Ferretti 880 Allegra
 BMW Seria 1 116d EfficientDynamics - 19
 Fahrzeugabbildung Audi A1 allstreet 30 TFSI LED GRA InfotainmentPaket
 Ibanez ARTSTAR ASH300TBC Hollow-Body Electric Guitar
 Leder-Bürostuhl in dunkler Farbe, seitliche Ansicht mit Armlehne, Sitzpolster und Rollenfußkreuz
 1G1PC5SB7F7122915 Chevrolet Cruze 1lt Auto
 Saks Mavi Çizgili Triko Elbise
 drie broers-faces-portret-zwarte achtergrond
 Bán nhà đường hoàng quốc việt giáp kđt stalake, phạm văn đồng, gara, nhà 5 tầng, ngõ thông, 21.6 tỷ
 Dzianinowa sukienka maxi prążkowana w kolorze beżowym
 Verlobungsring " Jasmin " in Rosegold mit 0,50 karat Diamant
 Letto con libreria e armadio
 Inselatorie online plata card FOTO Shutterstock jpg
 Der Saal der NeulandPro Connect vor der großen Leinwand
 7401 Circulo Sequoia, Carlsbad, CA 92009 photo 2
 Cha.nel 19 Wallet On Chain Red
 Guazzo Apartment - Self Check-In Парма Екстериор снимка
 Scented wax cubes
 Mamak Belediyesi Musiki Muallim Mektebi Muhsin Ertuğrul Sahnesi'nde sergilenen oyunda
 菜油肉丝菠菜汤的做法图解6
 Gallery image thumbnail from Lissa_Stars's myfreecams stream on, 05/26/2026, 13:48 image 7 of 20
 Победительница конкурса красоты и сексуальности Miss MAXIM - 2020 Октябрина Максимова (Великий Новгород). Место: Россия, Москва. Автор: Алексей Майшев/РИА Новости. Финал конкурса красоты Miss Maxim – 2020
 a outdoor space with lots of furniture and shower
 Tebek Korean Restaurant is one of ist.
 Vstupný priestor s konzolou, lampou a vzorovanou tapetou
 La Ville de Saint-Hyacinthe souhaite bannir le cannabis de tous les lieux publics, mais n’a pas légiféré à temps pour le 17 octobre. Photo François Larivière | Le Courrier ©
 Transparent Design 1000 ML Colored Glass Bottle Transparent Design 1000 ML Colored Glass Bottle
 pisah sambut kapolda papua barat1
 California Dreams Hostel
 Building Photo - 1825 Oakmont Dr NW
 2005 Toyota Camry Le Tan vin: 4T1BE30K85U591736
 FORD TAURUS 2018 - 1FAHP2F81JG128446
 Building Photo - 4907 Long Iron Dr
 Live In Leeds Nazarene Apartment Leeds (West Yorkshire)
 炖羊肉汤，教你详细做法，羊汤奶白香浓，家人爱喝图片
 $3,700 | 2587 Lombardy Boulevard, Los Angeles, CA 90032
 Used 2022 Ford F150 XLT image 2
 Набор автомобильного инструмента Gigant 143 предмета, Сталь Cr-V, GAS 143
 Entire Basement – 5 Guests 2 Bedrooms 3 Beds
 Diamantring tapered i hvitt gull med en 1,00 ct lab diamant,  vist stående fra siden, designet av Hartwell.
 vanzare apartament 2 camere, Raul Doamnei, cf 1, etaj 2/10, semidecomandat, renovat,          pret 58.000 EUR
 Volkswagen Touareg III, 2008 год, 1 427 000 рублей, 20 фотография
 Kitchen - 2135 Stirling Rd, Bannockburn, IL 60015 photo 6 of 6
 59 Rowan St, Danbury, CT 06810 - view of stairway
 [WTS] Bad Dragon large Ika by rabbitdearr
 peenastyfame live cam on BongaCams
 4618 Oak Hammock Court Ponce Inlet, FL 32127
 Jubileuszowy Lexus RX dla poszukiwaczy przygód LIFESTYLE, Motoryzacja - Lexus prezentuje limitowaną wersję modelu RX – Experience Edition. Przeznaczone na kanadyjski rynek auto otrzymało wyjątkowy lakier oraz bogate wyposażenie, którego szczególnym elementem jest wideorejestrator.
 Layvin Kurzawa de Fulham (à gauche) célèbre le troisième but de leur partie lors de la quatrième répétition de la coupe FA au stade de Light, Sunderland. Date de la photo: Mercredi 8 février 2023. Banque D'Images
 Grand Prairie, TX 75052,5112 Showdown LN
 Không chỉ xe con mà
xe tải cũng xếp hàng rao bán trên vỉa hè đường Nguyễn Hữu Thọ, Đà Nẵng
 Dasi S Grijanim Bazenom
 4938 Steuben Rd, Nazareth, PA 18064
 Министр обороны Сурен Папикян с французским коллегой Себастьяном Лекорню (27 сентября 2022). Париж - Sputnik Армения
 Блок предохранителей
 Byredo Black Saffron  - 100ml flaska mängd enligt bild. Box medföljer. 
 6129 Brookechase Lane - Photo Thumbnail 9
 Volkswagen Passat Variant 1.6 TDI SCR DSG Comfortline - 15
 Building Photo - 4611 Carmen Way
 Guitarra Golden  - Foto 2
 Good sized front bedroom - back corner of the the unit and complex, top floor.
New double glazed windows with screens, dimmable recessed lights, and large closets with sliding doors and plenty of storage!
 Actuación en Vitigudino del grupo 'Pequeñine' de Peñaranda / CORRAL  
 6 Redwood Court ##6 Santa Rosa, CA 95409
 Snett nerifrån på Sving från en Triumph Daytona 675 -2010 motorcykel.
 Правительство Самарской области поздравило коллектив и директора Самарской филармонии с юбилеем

┄┄┄┄┄┄

* [Assigned task]: After counting the lines above that include the word "Building", give only the number.

* [Exercise output]: 3